The fitted muslin bodice and sleep shorts is a good look for me, no?

So thanks to all of this new found knowledge the dress is coming out better than I could have hoped.  The first important lesson I learned is that the muslin actually has to be given as much care and attention as the real thing.  I’ve honestly never really done one before because I didn’t really understand why, except maybe to check the fit out using cheap fabric. What I learned is that it is a great tool for custom fitting your garment.  It is a total pain in the ass, because you have to sew it all up, press it, try it on, pin and tuck and mark where you need to take it in, THEN you have to take it all apart and do it again!!!  The corset top bodice and sleep shorts is a good look for me, no?The benefit, of course, is that once you get a good fit, you can cut your actual material to the right size and it will fit perfectly on the first try.

For this dress, the bodice is really the only part where fit is an issue.  The pattern actually includes a fitted skirt with a “sarong-style” gather on the side, but for my dress I replaced with with a full circle skirt from a different pattern.  I also wanted to use lovely sheer cotton swiss, which was not recommended for this pattern as it includes steel boning, so I had to underline it with two layers of cotton broadcloth in the top, plus a lining, and line and underline the skirt.  So it may not end up being quite as cool as my vision, but there you are.  I’d rather be warm than wear a see-through wedding dress.  I’m just not that fashion forward.
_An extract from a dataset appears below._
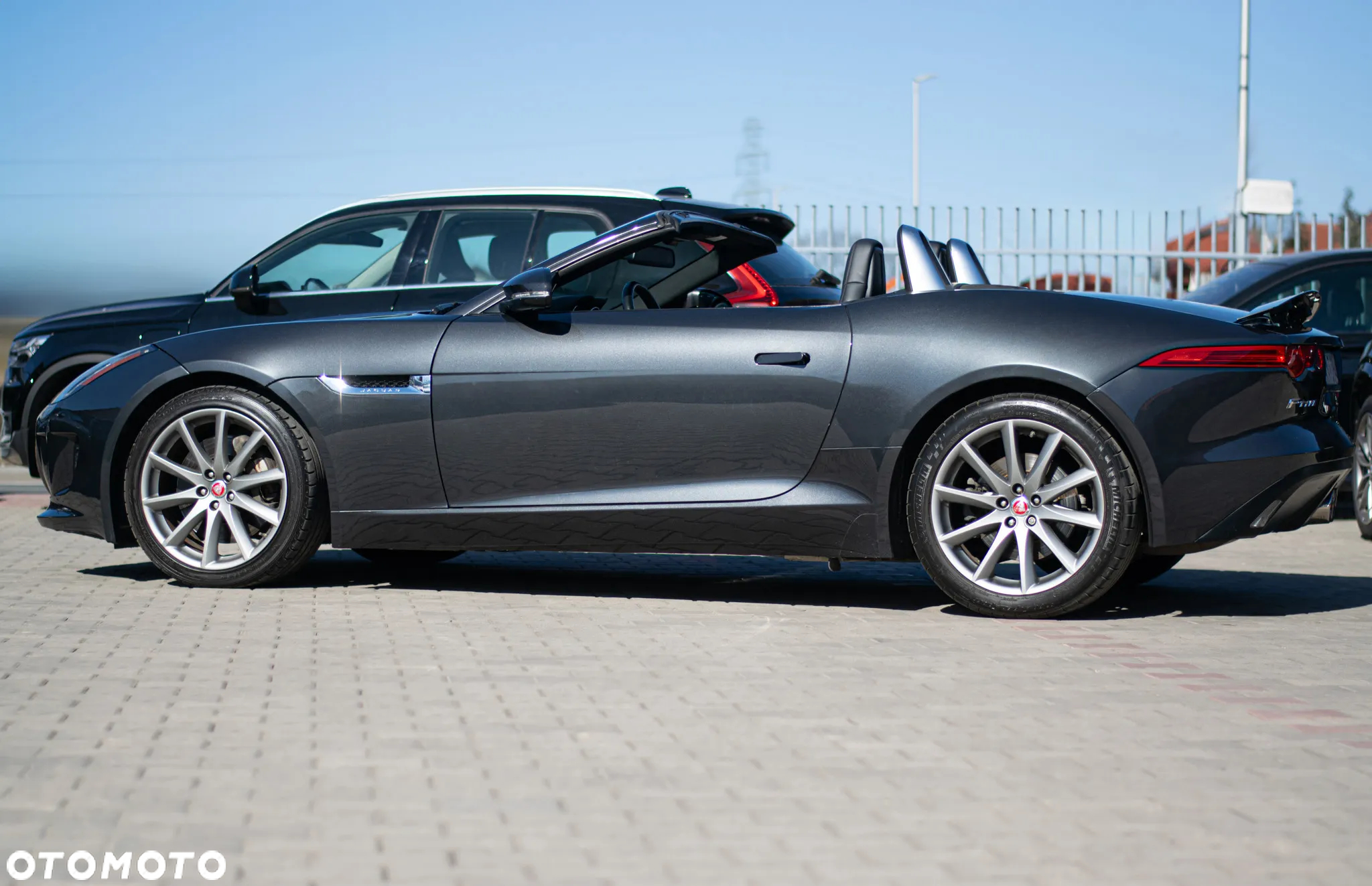 Jaguar F-Type Cabriolet R-Dynamic - 27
I am seriously going to consider finding a new photographer. The “I’ll take your picture, but only if I don’t have to get up off the couch” angle really isn’t working for me.

Here’s the mostly finished product (and yes I did get a ridiculous sunburn that really accentuates that neckline).  In this photo, it still needs to be lined, hemmed, and have the straps added.  I’ve done the hem and have the lining and straps ready to sew in today!  For all of you who were sitting home with baited breath wondering how this would turn out, you can now rest assured that the dress is a success. Hopefully I’ll look a little less tired and disheveled at the actual wedding!

And because I was looking through my pictures and couldn’t resist, how cute is Snake all swaddled in towels after a bath?

Who wouldn’t feel guilty for bathing a dog with a sad little face like that? How could we?!?


About heidisavestheday

Heidi is an artist and a maker of things living in Sherman, TX. She is a great baker of cookies, a terrible accordion player, and the kind of person who wonders about whether this should be written in the first or third person.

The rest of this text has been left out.